The ultimate truth has no positive content in the Geluk tradition; it is simply the lack of essence in any phenomena: “The ultimate truth is posited as solely the negation of truth [that is, inherent existence] upon a subject that is a basis of negation…” (Tsongkhapa, 396). Thus, no ultimate truth is affirmed (or rather, nothing is claimed to exist ultimately). This lack of essence in phenomena, or “emptiness,” does not annul their appearance. Rather, emptiness is held to be the condition for the possibility for any appearance. To be empty means to arise dependently—to lack independent, real existence. Since nothing can be found to be independent, everything is said to be empty. Thus, in the Geluk tradition, emptiness is the nature of all phenomena (or their lack of independent nature), and all phenomena are necessarily empty.
The ultimate truth is said to be emptiness because things are not found to exist separate from their parts, causes, or designations; this non-finding itself is the meaning of emptiness. Emptiness, too, is not “found” when sought (emptiness is empty, too). To be found (when an ultimate essence is sought) is to be intrinsically or ultimately real, and nothing has this status for the Geluk tradition, not even emptiness.
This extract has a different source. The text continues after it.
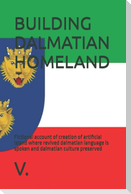 BUILDING DALMATIAN HOMELAND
Emptiness is interpreted in the Geluk tradition as a non-implicative negation (med dgag). As opposed to a negation that implies something else, a non-implicative negation is simply an absence, such as a lack of true existence. This mere lack or absence, as a negation of essence that implies nothing, is the meaning of the ultimate truth in the Geluk tradition. Nevertheless, the claim that there is nothing ultimately true—or that the ultimate truth is “emptiness,” a null set—is a (conventional) truth, not a truth ultimately, because nothing is ultimately true. Thus, conventional truths are the only types of affirmative truths there are (other than the absence of true existence) (Jinpa 2002, 46–48).
The summit of Geluk philosophy is the Consequence School. The Consequence School is a branch of the Middle Way tradition that radically undermines any and all foundations. The Consequence School gets its name from the form of reductio argument used to demonstrate emptiness, in contrast to formal (autonomous) arguments. According to Tsongkhapa, a formal argument for emptiness is not able to convey the meaning of emptiness (to someone who has not understood it) because formal arguments presuppose essences. That is, a formal argument presumes that a subject matter is objective or given, and this cannot be the case, particularly when an anti-realist (who understands emptiness) and a realist (who lacks an understanding of emptiness) engage in dialogue (Changkya in Cozort 1998, 451). This is because a proponent of the Consequence School consents to no such given, objective facts.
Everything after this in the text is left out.